Ericksen Spencer S, Wu Haozhen, Zhang Huikun, Michael Lauren A, Newton Michael A, Hoffmann F Michael, Wildman Scott A
Center for High Throughput Computing, Department of Computer Sciences, University of Wisconsin-Madison , 1210 W. Dayton St., Madison, Wisconsin 53706, United States.
J Chem Inf Model. 2017 Jul 24;57(7):1579-1590. doi: 10.1021/acs.jcim.7b00153. Epub 2017 Jul 12.
In structure-based virtual screening, compound ranking through a consensus of scores from a variety of docking programs or scoring functions, rather than ranking by scores from a single program, provides better predictive performance and reduces target performance variability. Here we compare traditional consensus scoring methods with a novel, unsupervised gradient boosting approach. We also observed increased score variation among active ligands and developed a statistical mixture model consensus score based on combining score means and variances. To evaluate performance, we used the common performance metrics ROCAUC and EF1 on 21 benchmark targets from DUD-E. Traditional consensus methods, such as taking the mean of quantile normalized docking scores, outperformed individual docking methods and are more robust to target variation. The mixture model and gradient boosting provided further improvements over the traditional consensus methods. These methods are readily applicable to new targets in academic research and overcome the potentially poor performance of using a single docking method on a new target.

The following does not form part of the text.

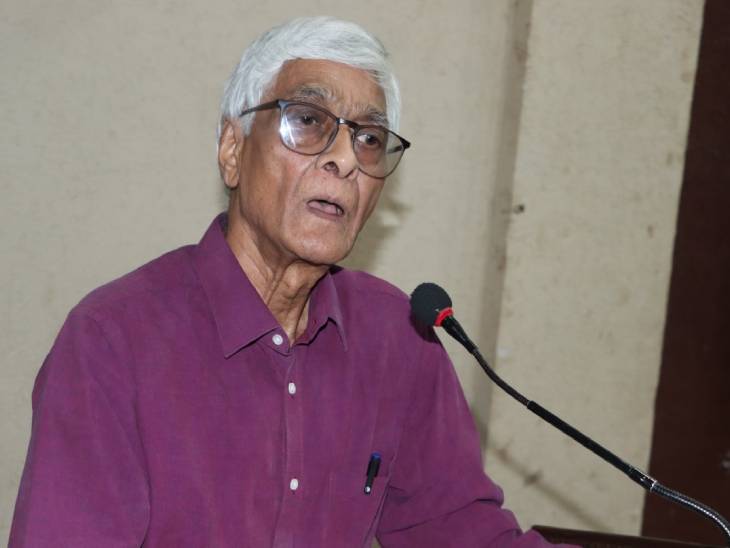 फिल्म अध्येता दिलीप गुप्ते ने मुगल-ए-आजम से जुड़े दिलचस्प किस्से सुनाए।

在基于结构的虚拟筛选中,通过多种对接程序或评分函数的分数共识对化合物进行排名,而不是根据单个程序的分数进行排名,可提供更好的预测性能并降低目标性能的变异性。在这里,我们将传统的共识评分方法与一种新颖的无监督梯度提升方法进行比较。我们还观察到活性配体之间的分数差异增加,并基于分数均值和方差的组合开发了一种统计混合模型共识分数。为了评估性能,我们在来自DUD-E的21个基准目标上使用了常见的性能指标ROCAUC和EF1。传统的共识方法,如取分位数归一化对接分数的均值,优于单个对接方法,并且对目标变异更具鲁棒性。混合模型和梯度提升在传统共识方法的基础上进一步改进。这些方法很容易应用于学术研究中的新目标,并克服了在新目标上使用单一对接方法可能出现的性能不佳问题。